*** Begin section ***

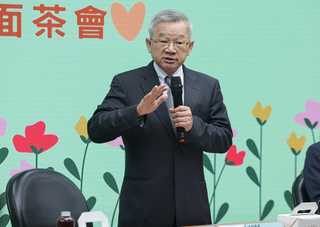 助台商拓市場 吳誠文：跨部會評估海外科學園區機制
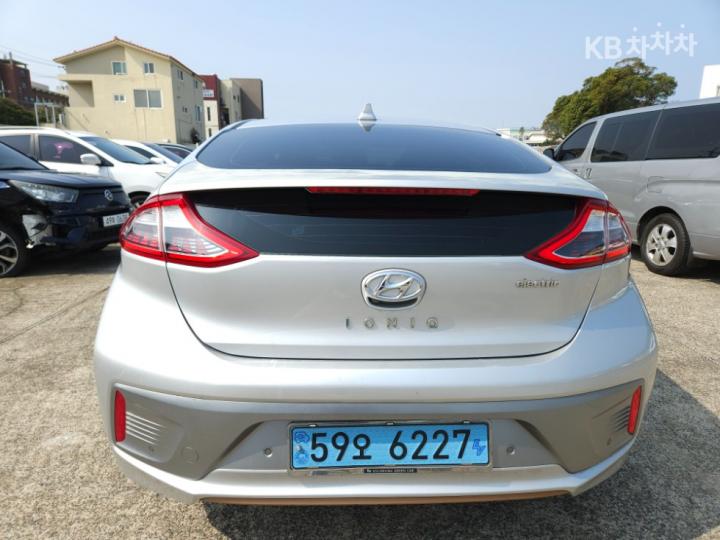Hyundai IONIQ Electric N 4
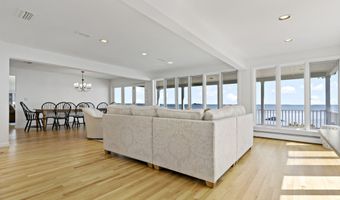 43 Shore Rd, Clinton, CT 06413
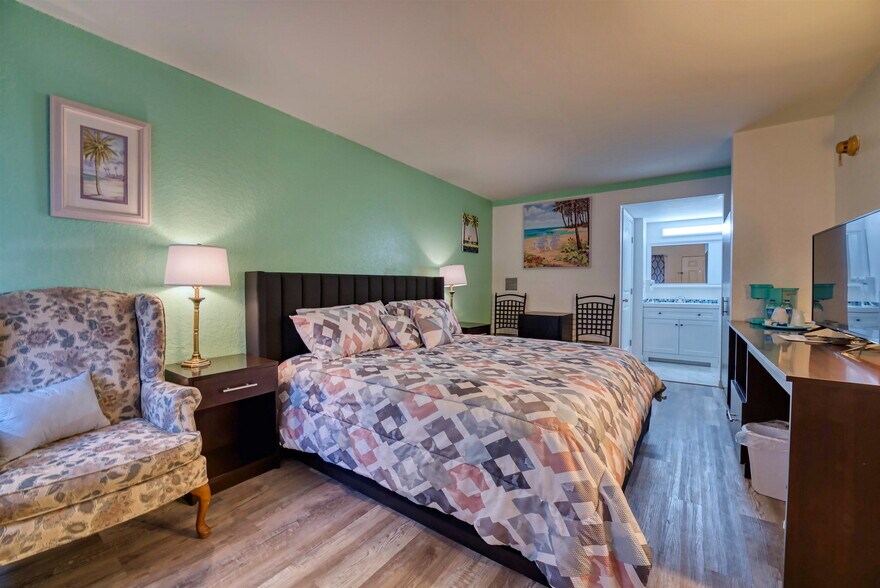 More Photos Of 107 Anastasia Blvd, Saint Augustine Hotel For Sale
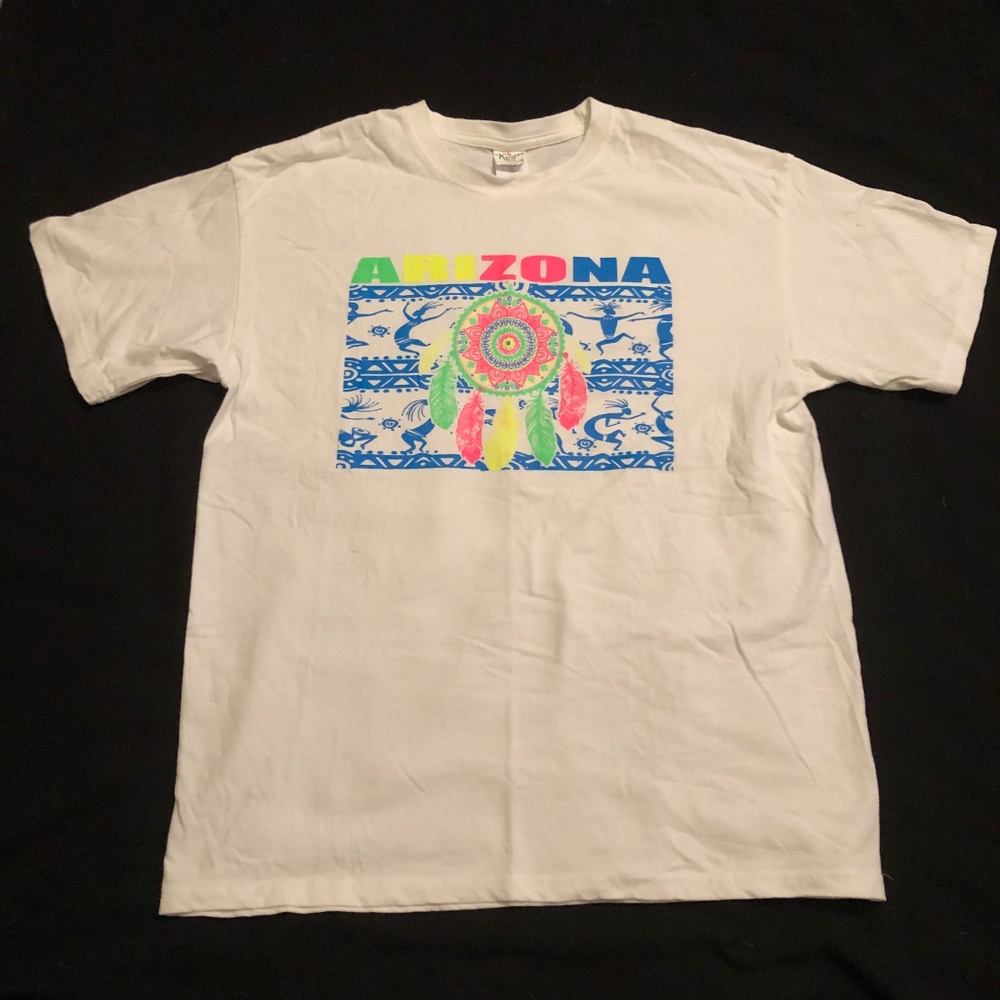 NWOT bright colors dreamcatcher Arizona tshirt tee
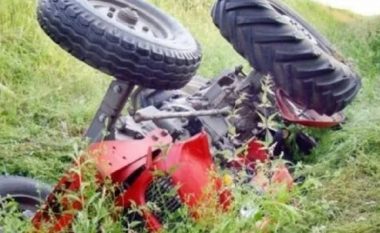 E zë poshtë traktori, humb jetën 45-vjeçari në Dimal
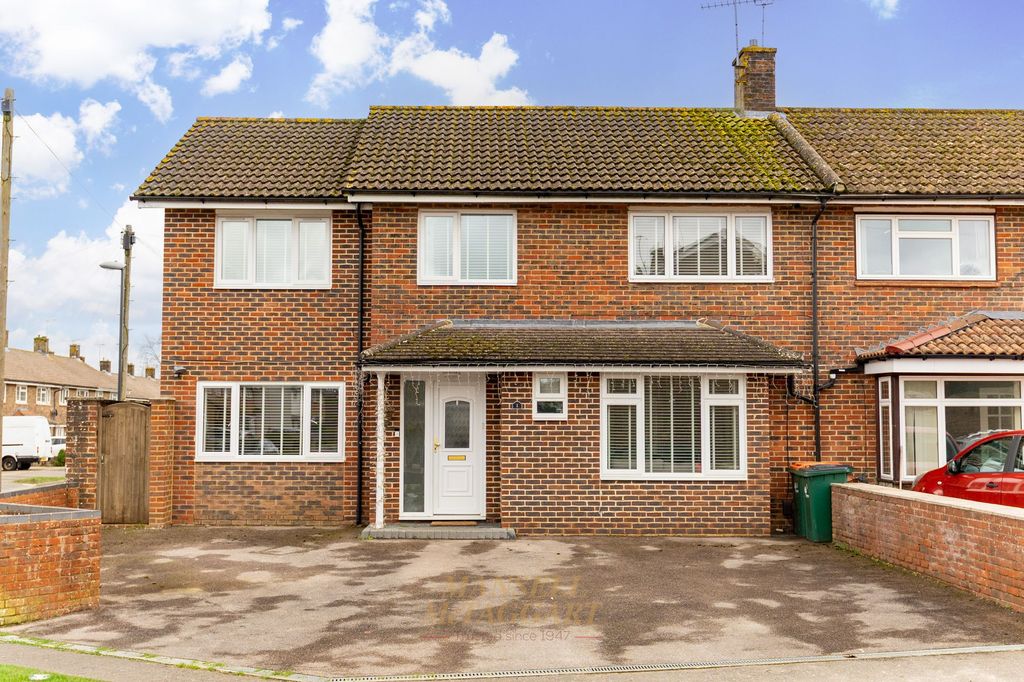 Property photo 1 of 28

*** End section ***

> [PROBLEM]: Only the lines from the one that holds "Hyundai IONIQ Electric N 4" through the end of the records above should be printed again, exactly as they are. Leave out the pictures.

> [THE COMPLETED TASK]:
Hyundai IONIQ Electric N 4
 43 Shore Rd, Clinton, CT 06413
 More Photos Of 107 Anastasia Blvd, Saint Augustine Hotel For Sale
 NWOT bright colors dreamcatcher Arizona tshirt tee
 E zë poshtë traktori, humb jetën 45-vjeçari në Dimal
 Property photo 1 of 28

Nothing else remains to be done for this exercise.